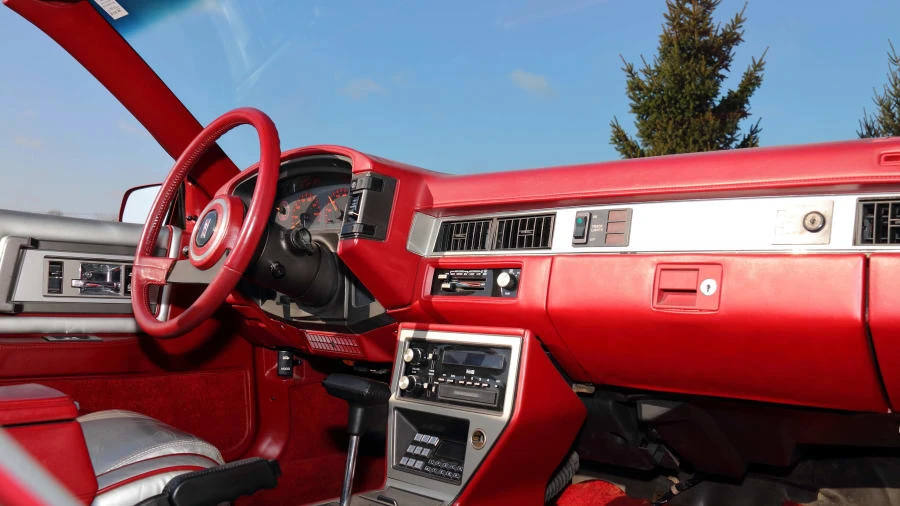 1985 Oldsmobile Calais - Image 18 of 20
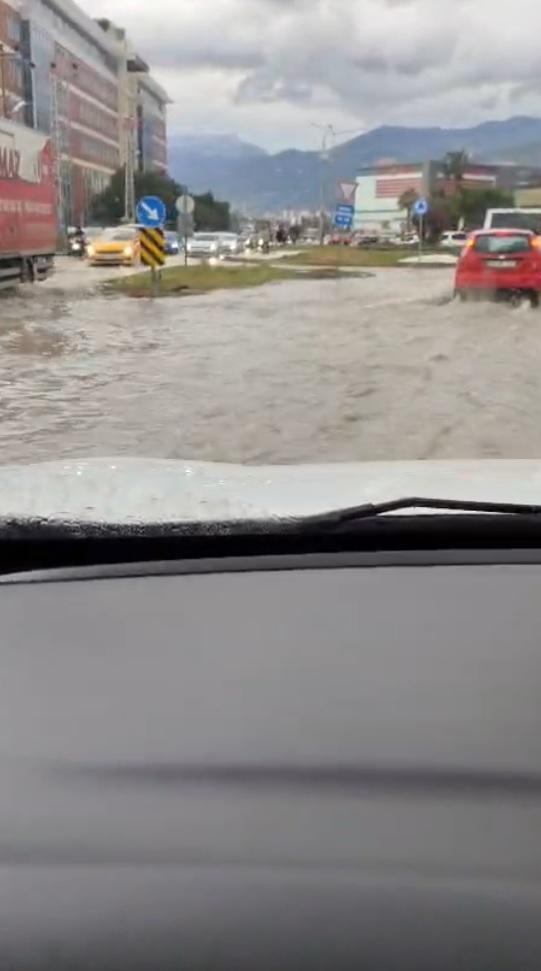 Hatay'da şiddetli sağanak sele neden oldu
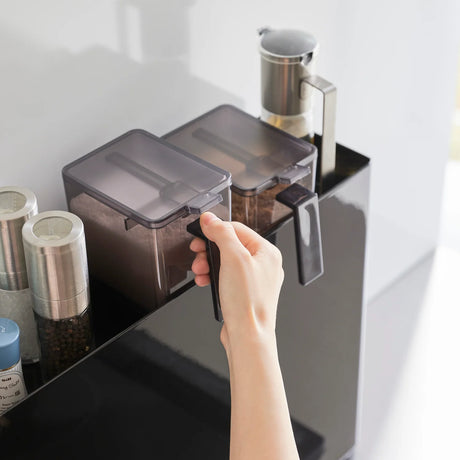 Svart krydderstativ med skjult oppbevaring for ryddigere kjøkkenbenk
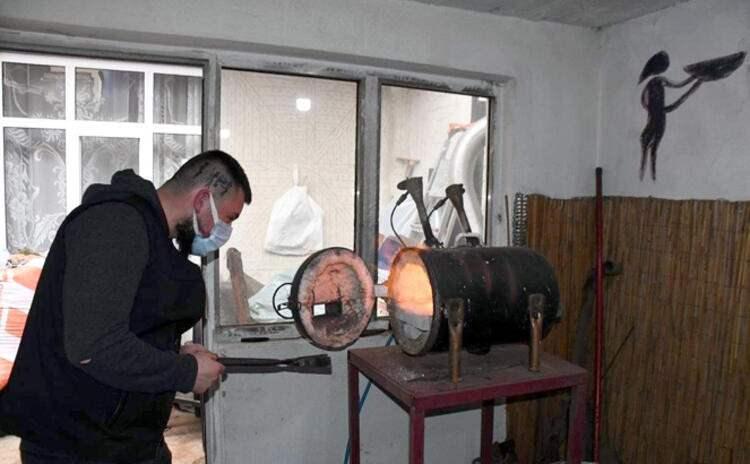 <p>'BIÇAĞI ŞİDDETLE DEĞİL, SANATLA BULUŞTURMAYA ÇALIŞIYORUM' </p>

<p>Bıçağın, şiddetle bağdaştırılmasının yanlış olduğunu kaydeden Özgür, "Bıçak dediğimizde akla şiddet geliyor. Bıçağın ülkemizde maalesef şiddetle bağdaştırılması kötü bir şey. Aslında bıçak, binlerce yıldır insanoğlunu olumlu etkileyen bir alet. Yani insanlığın gelişiminde önemli rol oynayan bir alet.</p>
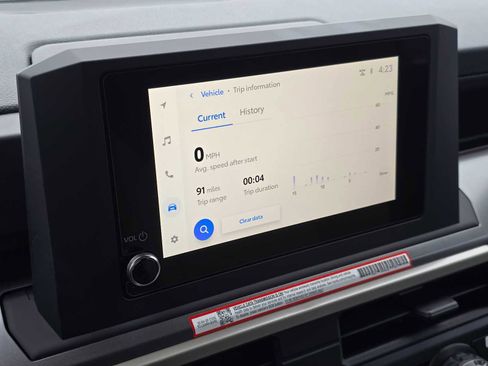 Certified 2025 Toyota Tacoma TRD Off-Road image 29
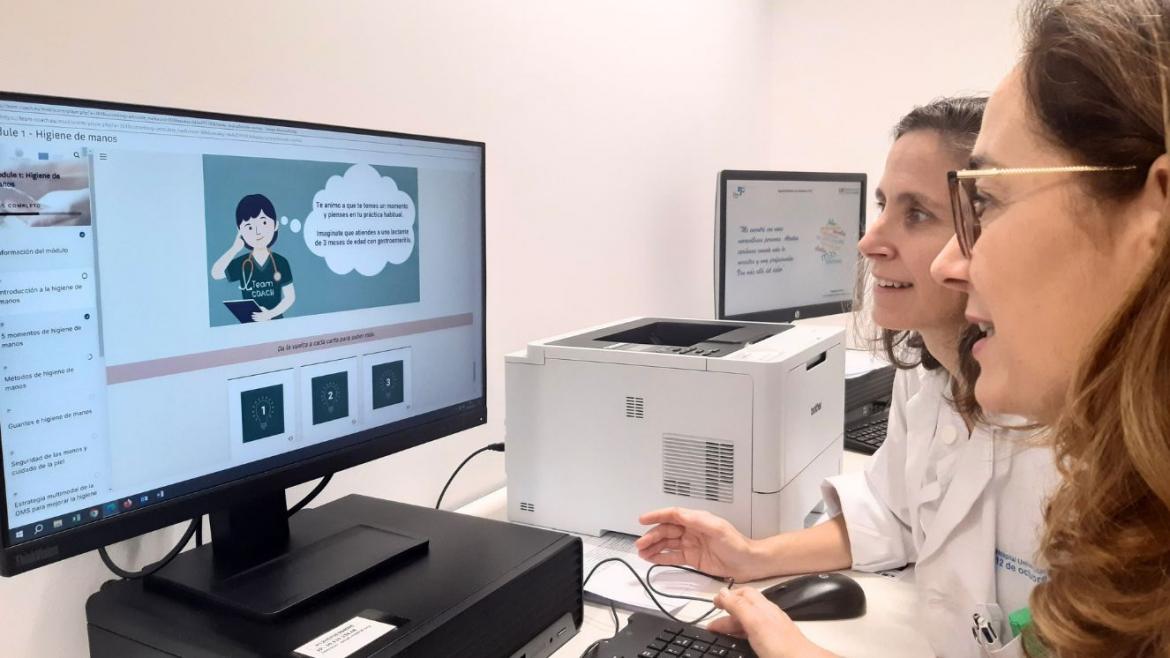 Cristina Domínguez en ordenador junto a enfermera trabajando con App de proyecto TEAM COACH dos mujeres en un ordenador trabajando
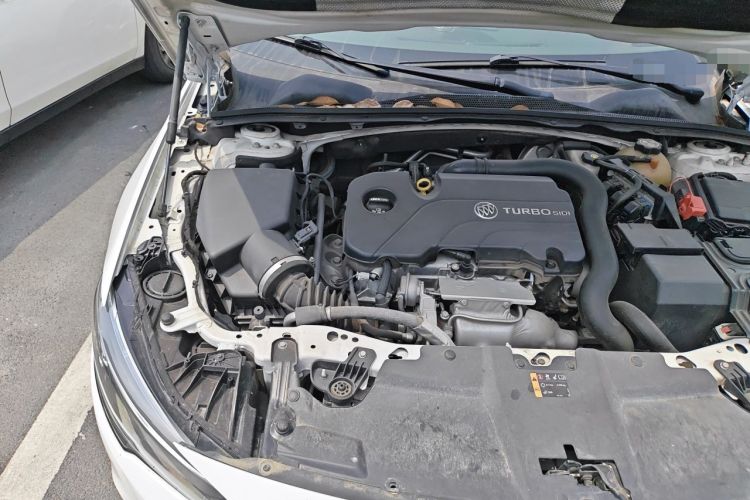 Used Buick Regal 2019 20T Elite Version China VI Standard Engine Bay Right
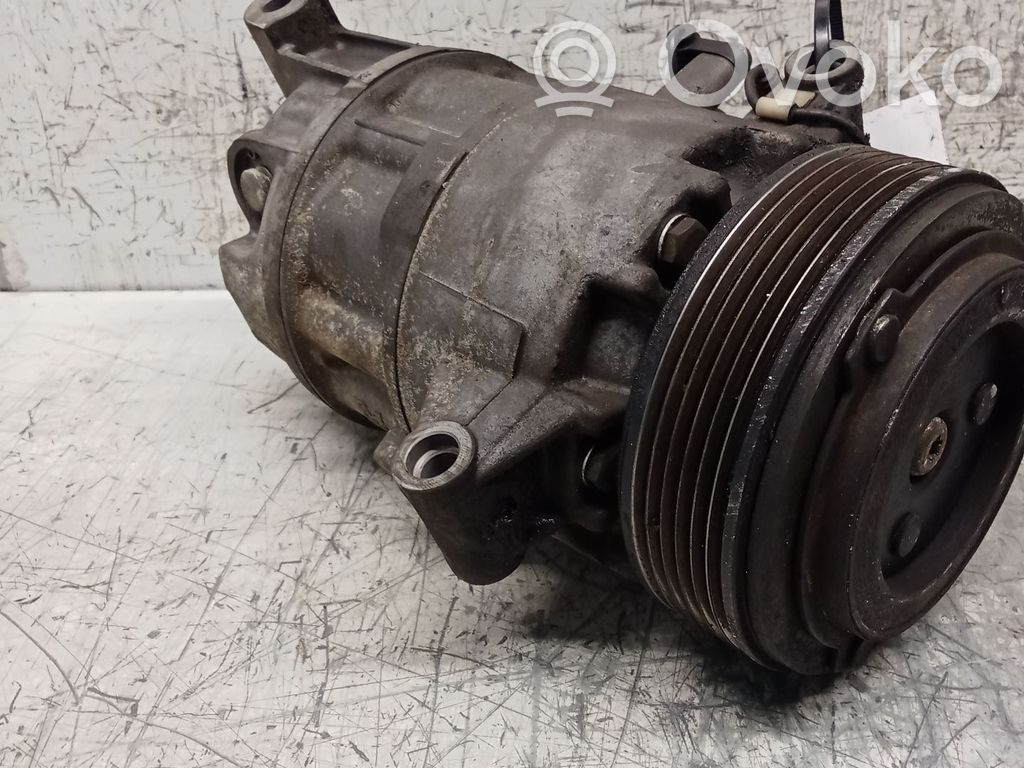Air conditioning (A/C) compressor (pump)   690866006,3R40445010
....
- **Try it**
Each line of the listing above belongs in the answer exactly as written; the pictures do not.

- **Answer to the exercise**
 1985 Oldsmobile Calais - Image 18 of 20
 Hatay'da şiddetli sağanak sele neden oldu
 Svart krydderstativ med skjult oppbevaring for ryddigere kjøkkenbenk
 <p>'BIÇAĞI ŞİDDETLE DEĞİL, SANATLA BULUŞTURMAYA ÇALIŞIYORUM' </p>

<p>Bıçağın, şiddetle bağdaştırılmasının yanlış olduğunu kaydeden Özgür, "Bıçak dediğimizde akla şiddet geliyor. Bıçağın ülkemizde maalesef şiddetle bağdaştırılması kötü bir şey. Aslında bıçak, binlerce yıldır insanoğlunu olumlu etkileyen bir alet. Yani insanlığın gelişiminde önemli rol oynayan bir alet.</p>
 Certified 2025 Toyota Tacoma TRD Off-Road image 29
 Cristina Domínguez en ordenador junto a enfermera trabajando con App de proyecto TEAM COACH dos mujeres en un ordenador trabajando
 Used Buick Regal 2019 20T Elite Version China VI Standard Engine Bay Right
Air conditioning (A/C) compressor (pump)   690866006,3R40445010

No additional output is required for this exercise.